What you need to do - Reproduce the entire listing exactly as written, apart from its pictures.
==== Data below
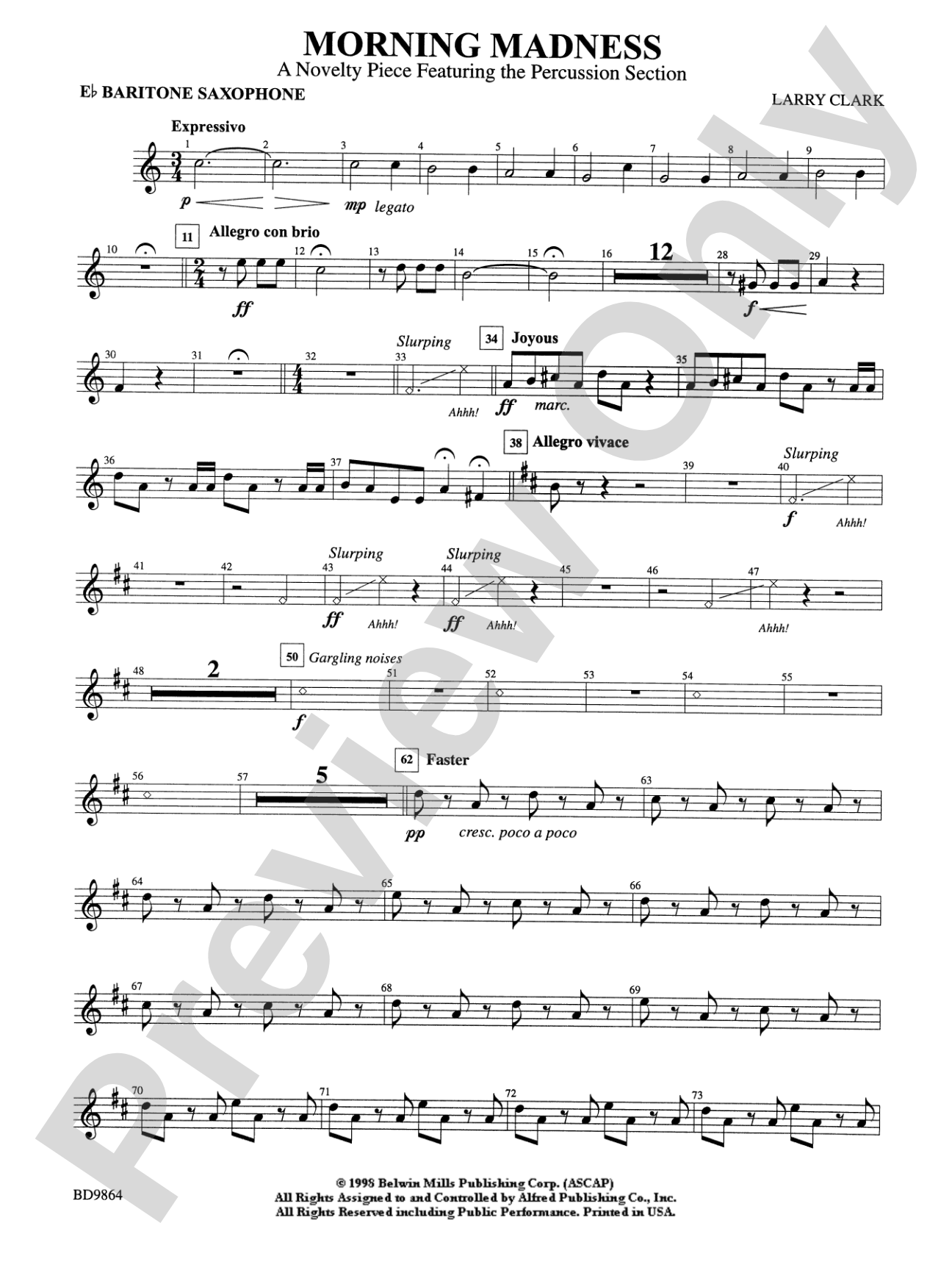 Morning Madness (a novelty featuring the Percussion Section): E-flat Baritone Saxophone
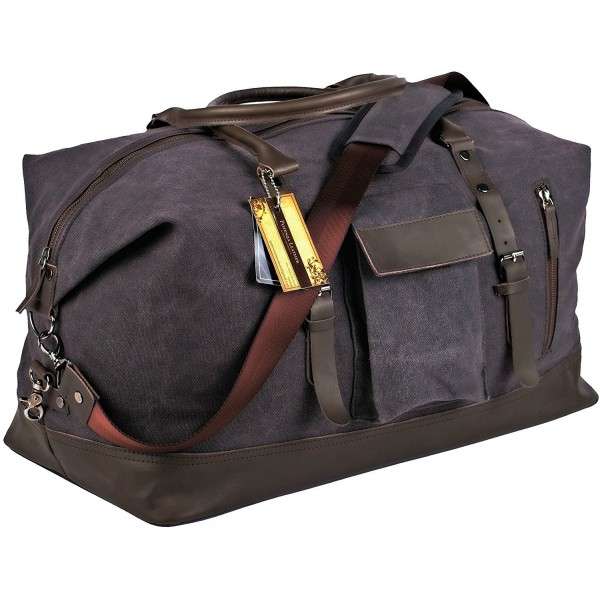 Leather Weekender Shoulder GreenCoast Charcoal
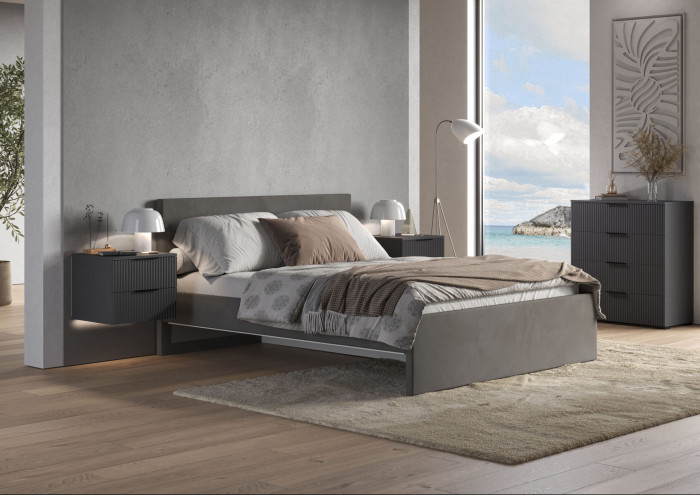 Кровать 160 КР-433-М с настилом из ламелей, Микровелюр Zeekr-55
========
Exercise answer -
 Morning Madness (a novelty featuring the Percussion Section): E-flat Baritone Saxophone
 Leather Weekender Shoulder GreenCoast Charcoal
 Кровать 160 КР-433-М с настилом из ламелей, Микровелюр Zeekr-55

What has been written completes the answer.